Man hat Bischofferode vergessen. Einen Arbeitskampf, der über Wochen für Schlagzeilen sorgte: "Bischofferode ist überall". Wenn auch nicht für immer. Volker Braun hat diesen Fall ans Licht geholt, um ihn als Kern seiner Erzählung "Die hellen Haufen" zu gebrauchen. Und damit alles das, was am 1993er Kali-Kampf faktisch vergessen sein mag, aber sittlich-politisch nicht erledigt ist. Das Geschehen aus heutiger Sicht: Ein bestürzend naiver Protest trifft auf eine erstaunlich kaltschnäuzige Macht. Erstaunlich in der Ehrlichkeit, mit der die Vernichtung der Ost-Konkurrenz herbeigeführt wurde - gegen den Protest der Kalikumpel, der auf eine mitleidheischende Weise hilflos war. Und - bis auf die Medien - übersehen von der unmittelbaren Mitwelt im Osten, die ja seinerzeit noch ihre eigenen Felle ins Trockene zu bringen suchte. Der Marsch auf Berlin? Braun hat recht, wenn er schreibt: "Eine Karnevalsrotte, man applaudierte diesen Artisten, aber keiner kam mit."
Aber Braun weiß: Vergangenheit ist mehr als das, was auf den Fernsehbildschirmen verflimmert. "Man glaubt Geschichte zu kennen", schreibt der Büchnerpreisträger des Jahres 2000, "aber sie hat mehr in sich, als sich ereignet: auch das Nichtgeschehene, Unterbliebene, Verlorene..." Nämlich: "All das Ersehnte, nicht Gewagte, und die alte Lust zu handeln. Tief verborgen, verschüttet, zubetoniert der Widerstand; die hellen Haufen, die nicht losgezogen sind, um die Schlacht zu schlagen." Also eröffnet Braun noch einmal die Partie: "Ich beginne wie ein Narr mit den Fakten." Ein starker Satz, der eben auch meint: Wer zum Tatsächlichen nie das Mögliche hinzudenkt, begreift die wirkliche Lage nicht.
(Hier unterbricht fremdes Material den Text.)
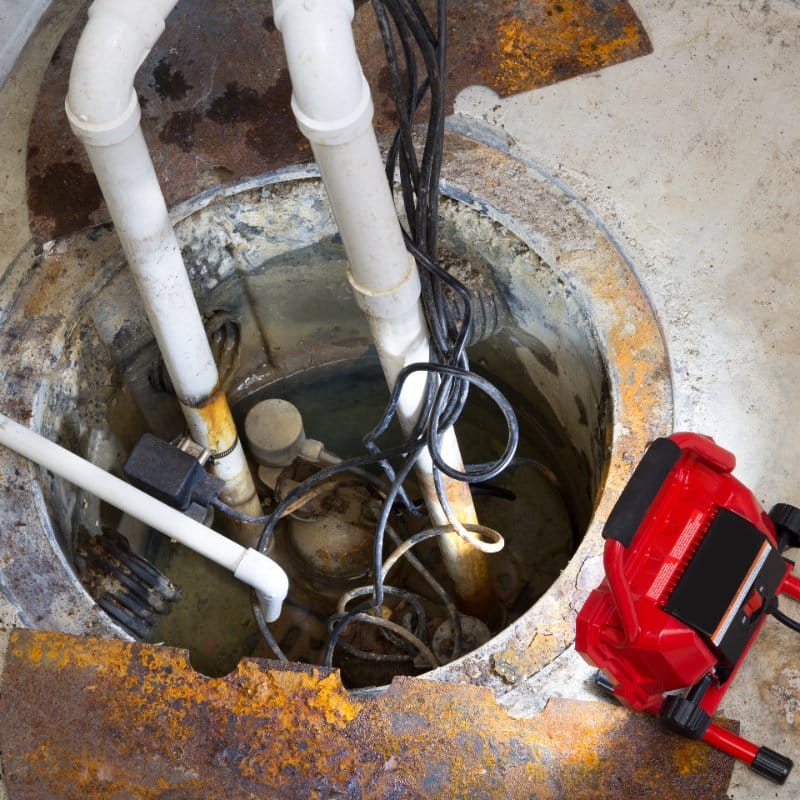 sump pump repairs being done in a home's basement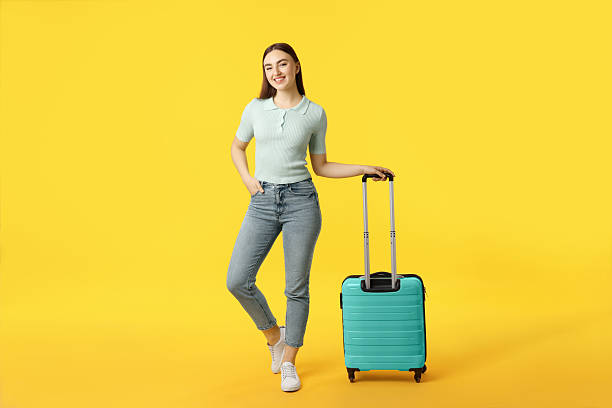 istock Young woman with suitcase on orange background 2233344909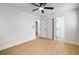 Bright bedroom featuring wood-look floors, ceiling fan, and neutral walls at 5405 S Sellas St, Tampa, FL 33611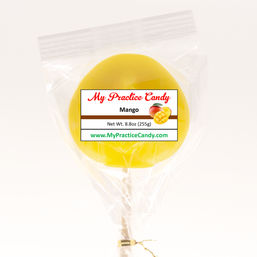 Bright yellow mango lollipop on a stick, wrapped in clear cellophane with a "Mango" label and mango illustration, tied with a gold twist tie on a white background.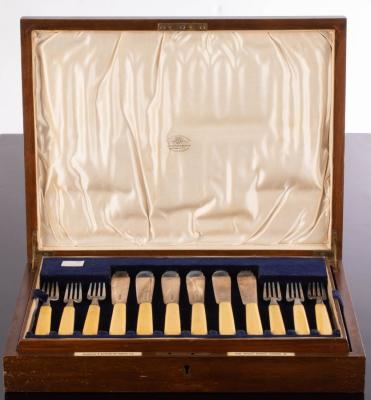 A set of twelve silver fish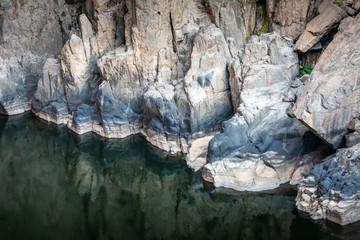 Fototapeta na wymiar Big rock under fall showing after water decrease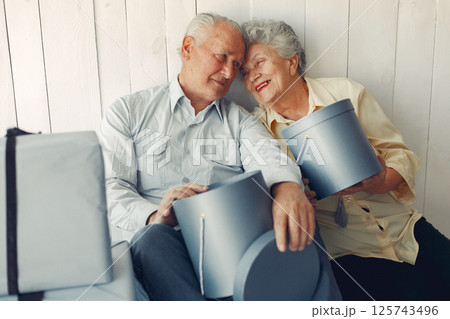 Grandparents at home. Old people with presents. Senior in a blue shirt. Grandparents at home. Old people with presents. Senior in a blue shirt. 125743496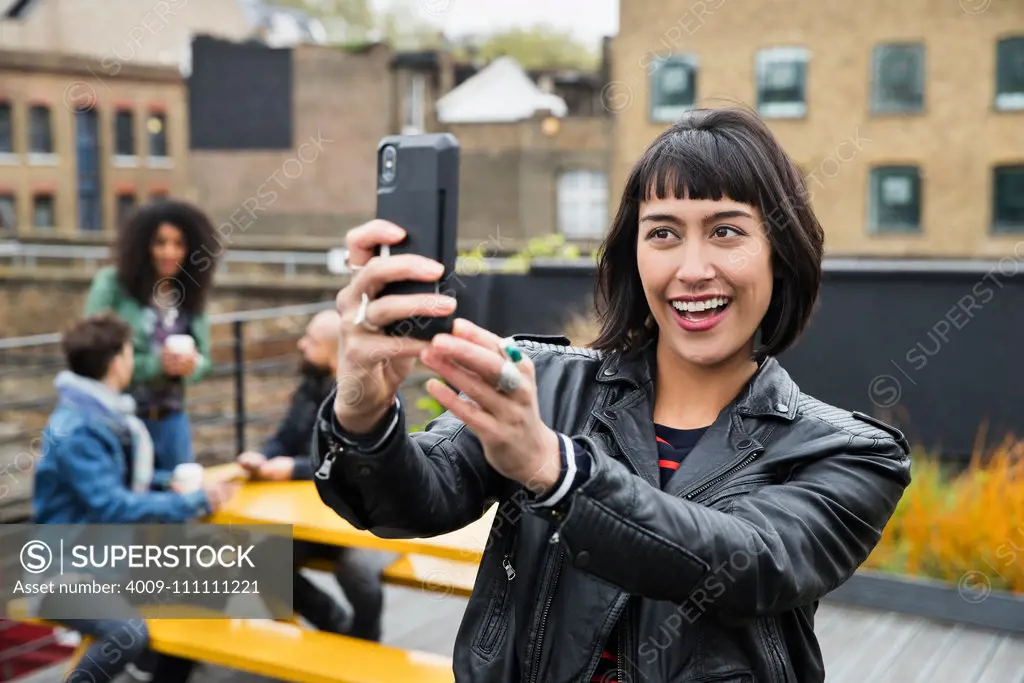 Portrait of Woman taking selfie with group of friends working on tablets at outdoor patio table in co-working space in the background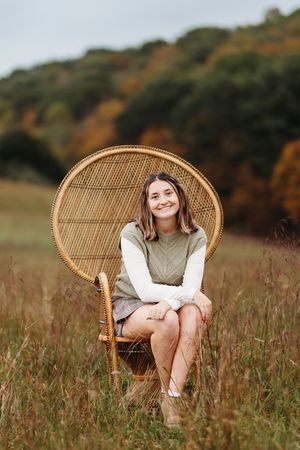 Smiling young woman sitting in wicker peacock chair in golden autumn meadow with fall trees.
Das Tatsächliche ist schnell erkennbar, weil es leicht verfremdet ist. Alles ist da: der Kalischacht, der Hungerstreik, der Protestzug nach Berlin. Der Ort heißt Bitterode, der Treuhandchef Schufft, die Bundestagspräsidentin Süßmund, Schurlamm heißt ein Pfarrer, der 1983 in Wittenberg ein Schwert zur Pflugschar schmieden ließ.
Der Leser findet sich also schnell zurecht in der dreiteiligen Erzählung, die erst nach Bitterode, dann ins Mansfeld, schließlich zum Showdown auf den Kalifelsen führt. Denn anders als das wahre Bischofferode ist Brauns fiktives Bitterode der Anlass einer flächendeckenden mitteldeutschen Solidarisierung. In "hellen Haufen" sammelt sich das Volk ("arbeitssam, zaumselig") wie einst die Truppen des Bauerkrieges, um für eine handgreifliche materielle und politische Teilhabe zu streiten. Nach dem Staatseigentum ohne Demokratie für ein tatsächliches Volkseigentum mit Demokratie. Zwölf Artikel fassen "Die Mansfelder Artikel", unterschrieben "von den gleichen Rechten aller". Artikel eins: "Die Arbeit ist gerecht zu verteilen, unter allen, die Anspruch haben".
Es ist keinesfalls das erste Mal, das sich Braun dem mitteldeutschen Kernrevier zuwendet. Aber, bei aller Fiktionalisierung, so illusionslos - dabei frei von Verzweiflung! - geschah das noch nie. Und so altmeisterlich in der Zeichnung von Land und Leuten. Müntzer und Hoelz, die Landräte von Hettstedt und Eisleben, das Mansfeld ("immer ein unruhiges Land, freilich in gehöriger Tiefe") und dessen Dreckschweinfest ("ein Heidenspaß"): Alles gerät pointiert ins Blickfeld. Immer wieder die Natur: "Sie zog ihr Gewölk zusammen und bog die Birken und Erlen unter der volkstedter Halde mit ungeheuren Stößen". Ernsthafte Landschaft.
Vom Mittelalter an legt Braun die mitteldeutsch-mansfeldischen Linien frei, an denen entlang sich die Kämpfe um eine gelungene Herrschaft ereignen; das Scheitern auf offener Strecke ist für den 72-Jährigen für nichts ein Beweis. Unverkennbar liefert Volker Braun mit dieser Erzählung einen geistig-ästhetischen Vorlass. Ein Buch der Summe, das Prosa von kristalliner Schönheit bietet, in vieler Hinsicht heutig und hart.